The size of the pulse was of order 600 micron, FWHM.
Methodology
The key ingredient to this kind of measurement is good analog resolution.
We decided not to use the TOT information because we do not feel that
we understand it well enough yet. Therefore, charge collection
measurements were performed using threshold scans, much as in
internal charge injection. This required careful tuning of the
light intensity in order to remain within the limited dynamic range of
the THR DAC.
As it has been recently pointed out,
at the moment our ability to measure offsets is highly
questionable. Therefore, we devised a measurement strategy
that is independent of chip offsets.
The trick is to be able to control the relative amount of
charge deposited by the LED in different runs. This is possible
by varying the width of the LED pulse. Indeed, we appear to
be operating in a region where the deposited LED charge is
linear in the pulse width, see Figure 1.
Figure 1: Distribution of 50% threshold turn on point vs the
length of the LED pulse for two channels on the p-side. Note that
thresholds decrease bottom to top, i.e. THR DAC = 0 is the highest
threshold, THR DAC = 63 is the lowest threshold.
Channel 25 is at or near the maximum of the light intensity, channel
29 is further away, hence the difference in slopes.
When operating in the linear region, it can be
shown that
the slopes of fits such as those in
Figure 1 measure the product of channel gain times charge collection
efficiency, weighted by the profile of the LED pulse. Summing up
all of the slopes for all of the channels is equivalent to summing
over the (normalized) LED pulse profile. This sum is therefore
a relative measure of the (average) product of gain and
charge collection efficiency. We will call this quantity eff*g
in the remainder of this document.
Thus our procedure is the following :
For each position of the LED, take 9 threshold scan runs with
LED pulses varying between 15 and 55 nsec in 5 nsec steps.

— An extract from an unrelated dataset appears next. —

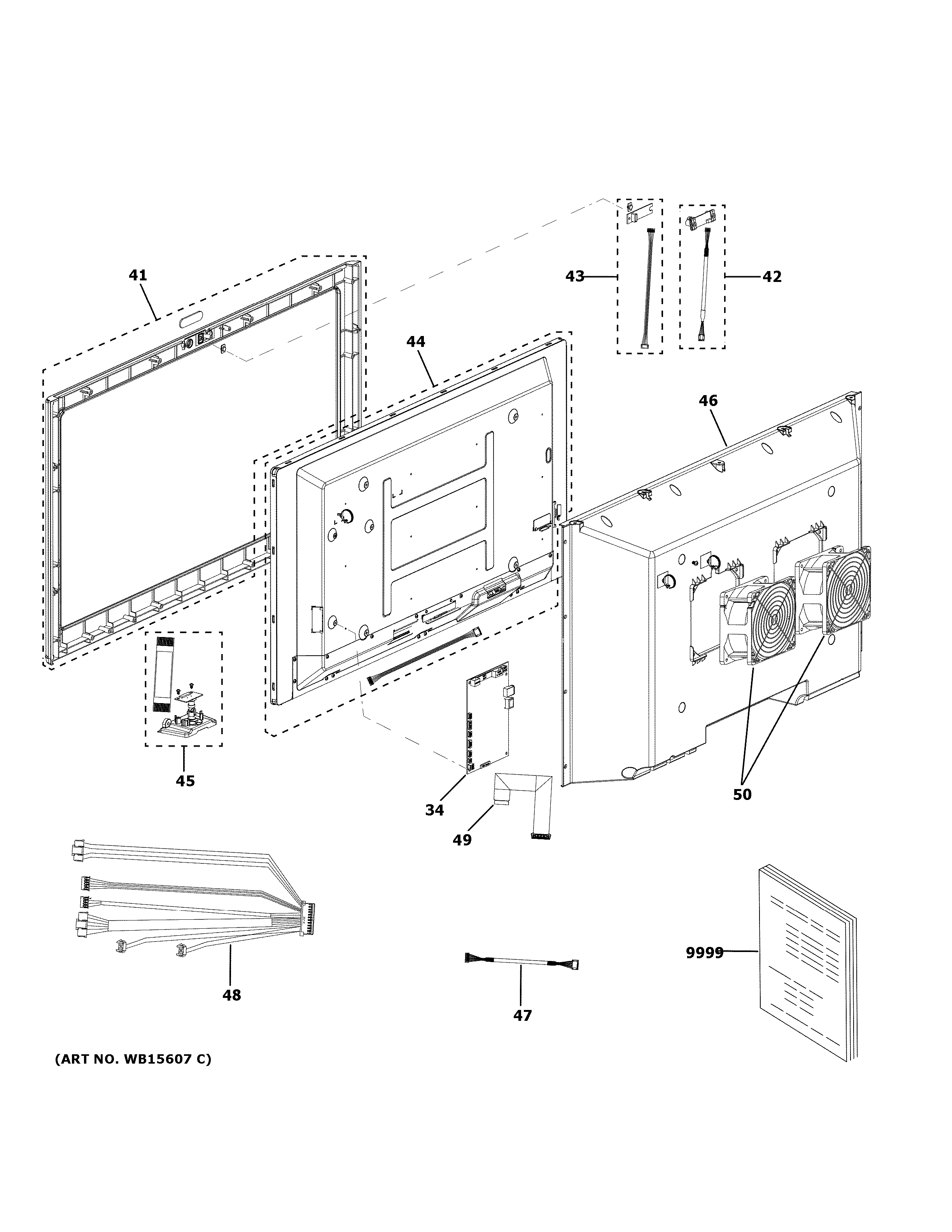 TOUCH SCREEN ASSEMBLY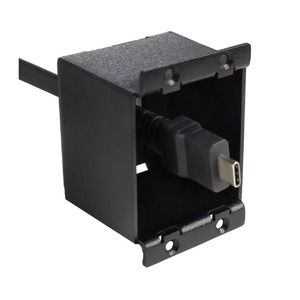 Лоток кабельный Wize Pro WRTS-USBCV-RT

For each channel, fit the 50% turn on points (in units of THR DAC counts)
as a function of
LED pulse length to a straight line (see for example Figure 1).
Obtain a relative measure of eff*g by summing up the slopes
of all channels.
If so desired, extract the relative charge collection efficiency
eff by correcting for the gain g. This procedure will
be discussed later.
As an illustration, we show in Figure 2 slope distributions as
a function of channel number. Note that the readout pitch
is 50 micron on the phi side and 100 micron on the z side.
From the gaussian fits, the LED spot
on the z side is somewhat wider. This is effect is entirely
due to our focussing system (this was checked by rotating the
lens holder by 90 degrees).
Figure 2:Distribution of slopes as a function
of channel number the phi side (chip 3) and the z side (chip 9) obtained
from a set of 9 runs.
We believe that the main source of uncertainty in our measurents
of eff*g comes from the algorithm chosen to sum up the slopes.
The measurements in the wings of the distributions in Figure 2 are suspect
because they can be affected by noise. In general, we sum the slopes by
fitting to a gaussian and calculating the area under the curve.
Because the distributions are not perfectly gaussians, the answer that
we obtain is affected by the range of the fit. For some reason the
phi side distributions are more affected by this problem, as can
also be seen from careful inspection of Figure 2. Typically we
fit the gaussian for channels that see at least of order 0.5 or
1 fC of charge. The differences in the estimates of the sum of
slopes can be as large as +/- 7% in some cases. When quoting
results below, we will take these effects into account.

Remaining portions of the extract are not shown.